LONDON, March 23 (Reuters Breakingviews) - Credit Suisse's (CSGN.S) CoCos are shaping up to be the bondholder litigation case of the century. Investors in the bank's 16 billion Swiss francs ($17.5 billion) of contingent convertible bonds think authorities were wrong to wipe them out as part of a state-sponsored rescue by UBS (UBSG.S). Recovering any value will be tricky and take time. Still, there are broader reasons to put up a fight.
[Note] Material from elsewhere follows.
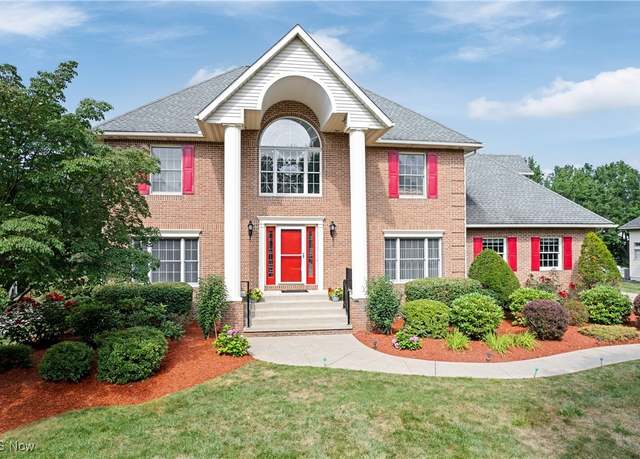 Property at 4883 Earlscourt Cir NW, Canton, OH 44718, 4 beds, 4 baths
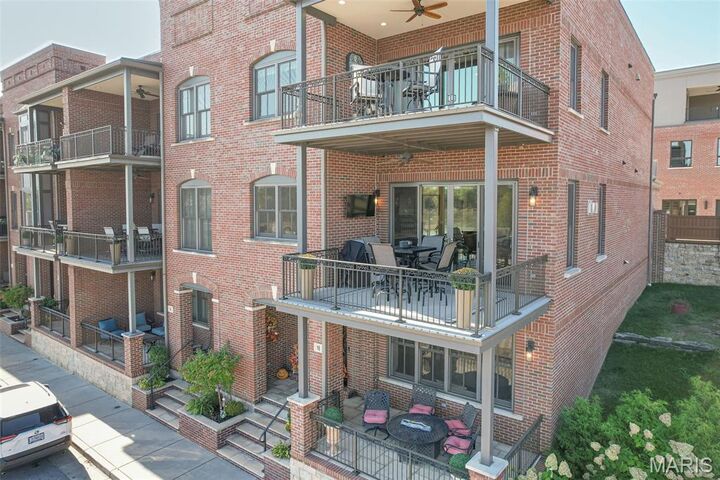 Property Photo:  16 W Front Street  MO 63090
Investors are in uproar over the government's decision to wipe out Credit Suisse's Additional Tier 1 securities over the weekend, while preserving 3 billion Swiss francs for shareholders. Swiss regulator FINMA on Thursday said the bond prospectus allowed for such an outcome in case of a so-called viability event, which kicks in if the government props up the bank. So did a new emergency law passed on Sunday.
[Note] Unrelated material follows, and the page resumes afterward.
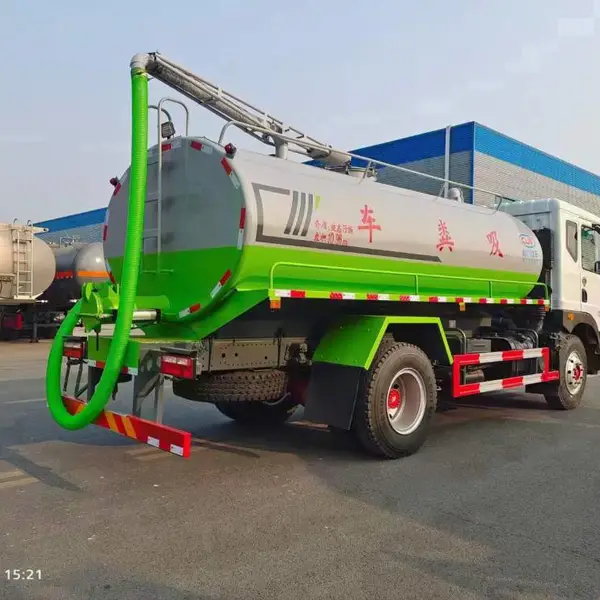 福田2.5方化粪池吸粪车吸粪车真空泵多少钱一台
That "belt and braces" argument may not deter litigants. They can argue that state support for Credit Suisse did not represent a viability event because the authorities injected liquidity but not capital. Meanwhile, the new law looks a lot like expropriation, which investors can challenge in court.
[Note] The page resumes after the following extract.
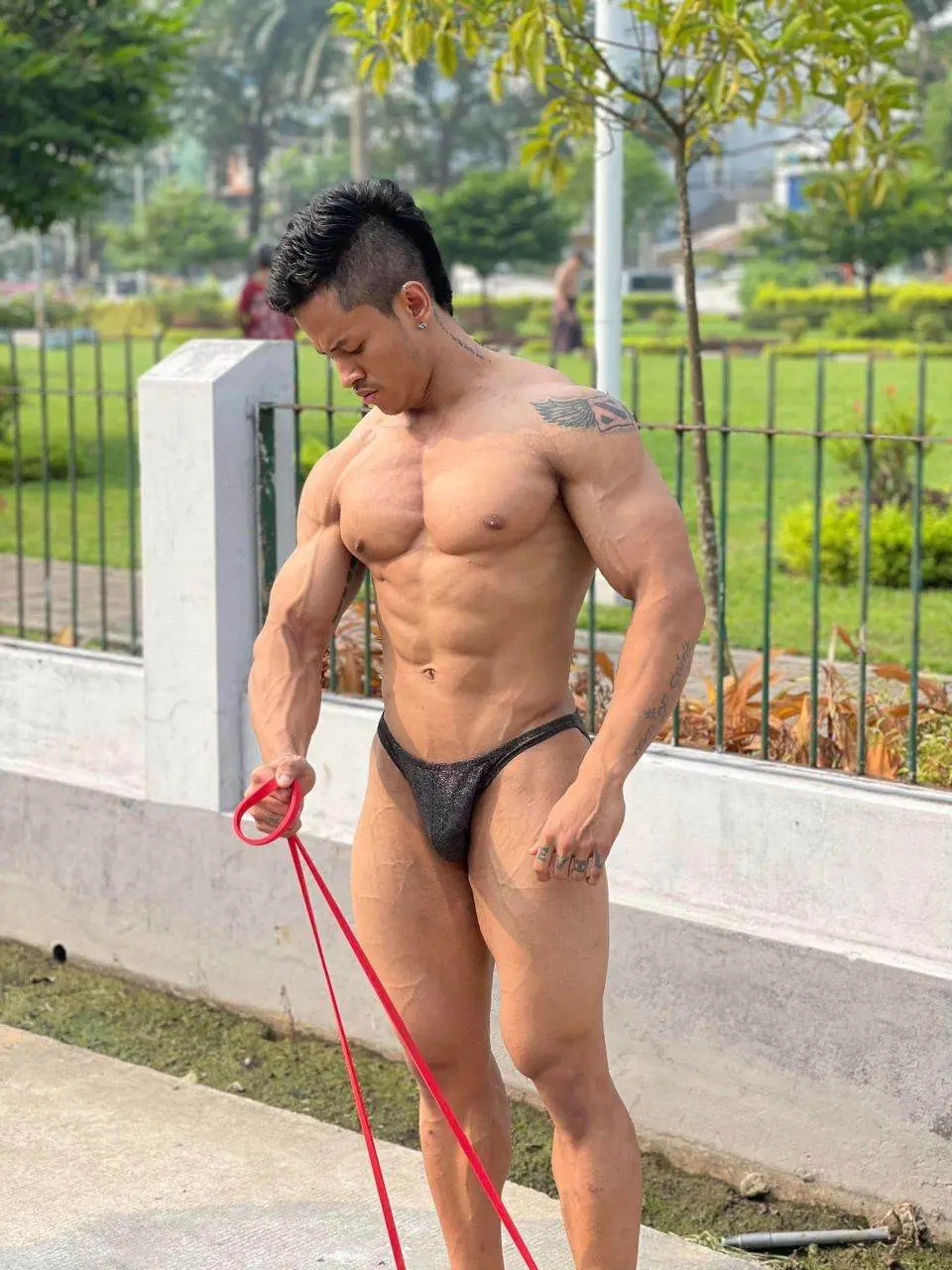 นักเพาะกายพม่า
Credit Suisse's AT1 bonds are currently trading at around 6% of par value, rather than the zero the Swiss authorities declared them to be worth. That implies bondholders think they may eventually get some money back.
Still, litigation is a long road. Creditors of Dutch bank SNS successfully sued over the government's expropriation of bonds worth 700 million euros in 2013, but had to wait eight years to get their principal back with interest. A similar outcome here would imply the bonds would be worth around 60% of par value, assuming 8% accrued interest and applying a discount rate of 15%. In other words, investors are attaching a one-in-10 probability to that outcome.
But even if bondholders were to win in court, they might not get a full payout. After all, if Switzerland had applied its resolution framework, the most AT1 bondholders could have hoped to receive was the 3 billion Swiss francs UBS set aside for shareholders. That's less than 20% of the bonds' par value.
Still, there are reasons for the Swiss government to seek a truce. If it gets a reputation for violating bondholder rights its remaining banks, especially UBS, will have to pay a higher price for their debt.
Bondholders have other reasons to fight, too. If Switzerland can change the rules overnight, any other country could too. That would hurt investors' portfolios of similar securities. The more noise they make now, the more they will discourage other countries from following Switzerland's example.
Swiss financial market regulator FINMA on March 23 defended its decision to impose steep losses on some of Credit Suisse's bondholders, saying the decision was legally watertight.
The Swiss regulator on March 19 wrote down 16 billion Swiss francs ($17.49 billion) of the lender's Additional Tier 1 debt to zero, even though shareholders received some compensation as part of a 3 billion Swiss franc rescue of Credit Suisse by rival UBS. Some Credit Suisse AT1 bondholders are seeking legal advice.
FINMA said the AT1 bonds contained contractual clauses which allowed them to be written down if Credit Suisse received extraordinary government support.
It also added that an emergency law, passed by Switzerland's Federal Council on March 19, authorised FINMA to order a borrower to write down AT1 capital.
FINMA Director Urban Angehrn said that "a solution was found on Sunday to protect clients, the financial centre and the markets".
European regulators on March 20 stepped in to say they would continue to impose losses on shareholders before bondholders - unlike the treatment of bondholders at Credit Suisse.